Corder v. State Water Pollution Control Board

391 S.W.2d 83 (1965)

T. B. CORDER et al., Appellants,
v.
STATE WATER POLLUTION CONTROL BOARD of the State of Texas et al., Appellees.

No. 11301.

Court of Civil Appeals of Texas, Austin.

May 19, 1965. Rehearing Denied June 9, 1965.

*84 Kucera, Lay & Lightfoot, Bennett Lay, Houston, for appellants.

Waggoner Carr, Atty. Gen., Hawthorne Phillips, 1st Asst. Atty. Gen., Stanton Stone, Executive Asst. Atty. Gen., J. S. Bracewell, F. R. Booth, George C. Black, Jr., Asst. Attys. Gen., Austin, Cyril J. Smith, Houston, Gibson, Spence & Gibson, Robert Spence, Austin, for appellees.

ARCHER, Chief Justice.

This is a suit brought under Section 7 of Article 7621d of the Revised Civil Statutes of Texas, to set aside the action of the State Water Pollution Control Board in granting a permit to Harris County Water Control and Improvement District No. 84, to discharge sewage effluent from a sewage treatment plant into Fresh Water Bayou, a stream which is dry nearly all of the year, whose course is adjacent to or in the immediate vicinity of plaintiffs' property.
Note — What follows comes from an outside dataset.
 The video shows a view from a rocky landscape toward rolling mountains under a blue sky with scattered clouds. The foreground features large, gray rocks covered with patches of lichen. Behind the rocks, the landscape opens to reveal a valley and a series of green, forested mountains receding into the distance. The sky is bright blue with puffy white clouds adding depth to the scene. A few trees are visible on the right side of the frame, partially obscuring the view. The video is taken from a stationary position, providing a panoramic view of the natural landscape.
Such permit was issued April 27, 1964, effective as of March 5, 1964. Plaintiffs timely filed suit in the 53rd Judicial District Court of Travis County, Texas, on March 25, 1964 to set aside such permit.
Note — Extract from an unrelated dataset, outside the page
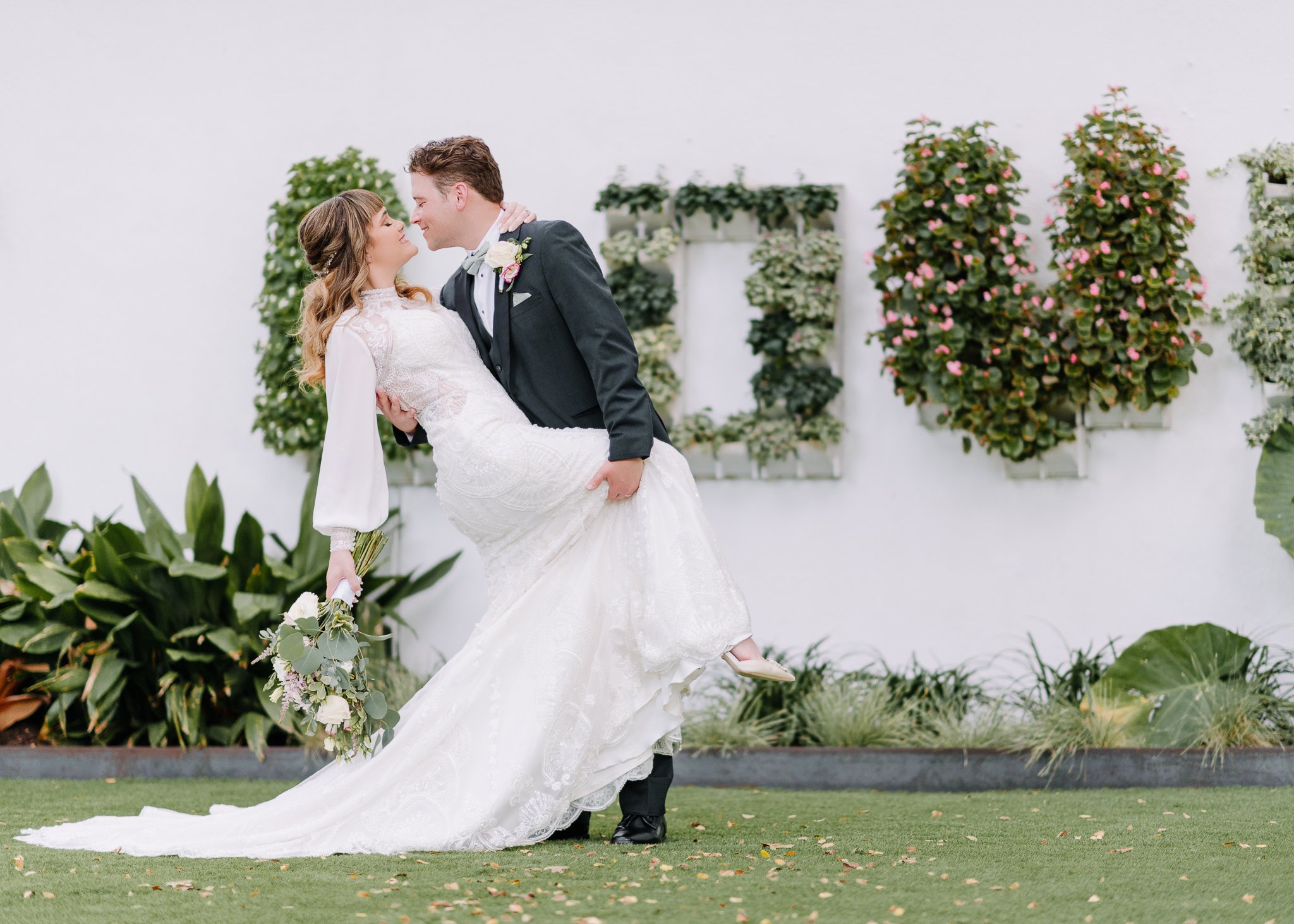 Wedding Couples at Hummingbird House doing a dip infant of a love sign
Trial was before the Court without a jury and, over plaintiffs' objection, under the substantial evidence rule. Judgment was rendered that plaintiffs take nothing by their suit.

The appeal is founded on seven points assigned as error by the trial court in holding that this case be tried under the substantial evidence rule, and the holding that appellants take nothing is so against the *85 great weight and overwhelming preponderance of the evidence as to be unjust, in holding that the permit granted by the State Water Pollution Control Board was reasonably supported by substantial evidence and that the permit is unreasonable and will cause damages to adjacent property and in the immediate vicinity of the stream into which the discharge is made in an amount of $645,959.00, that the Board's action was arbitrary, that the Court erred in admitting into evidence certain exhibits and the testimony of witness V. K. Berkstresser in connection therewith, and finally in sustaining the action of the Board in granting the permit.

The Texas Water Pollution Control Board was created by Acts 57th Leg., 1961, 1st C.S., Ch. 42, p. 156, codified as Article 7621d, Vernon's Ann.Civil Statutes.

Harris County Water Control and Improvement District No. 84 is a political subdivision of the State of Texas established pursuant to Article XVI, Section 59, Texas Constitution, Vernon's Ann.St. The district is authorized to provide a system for municipal water supply and disposal of sewage.

Public hearings were held by the Board relative to the desire of the District to discharge an average of 480,000 gallons daily of treated effluent and considered as places of discharge (1) into a proposed Harris County Flood Control ditch, thence to Bear Lake, and thence to the San Jacinto River; (2) Plant to be located on Lot 58 of Old River Acres near Bear Bayou Drive and Fresh Water Bayou south of Bear Bayou Drive approximately 4000 feet East of Sheldon Road in the Peter Duncan Survey, A-232, with discharge into Fresh Water Bayou, thence to Old River. Another plant location and place of discharge was considered.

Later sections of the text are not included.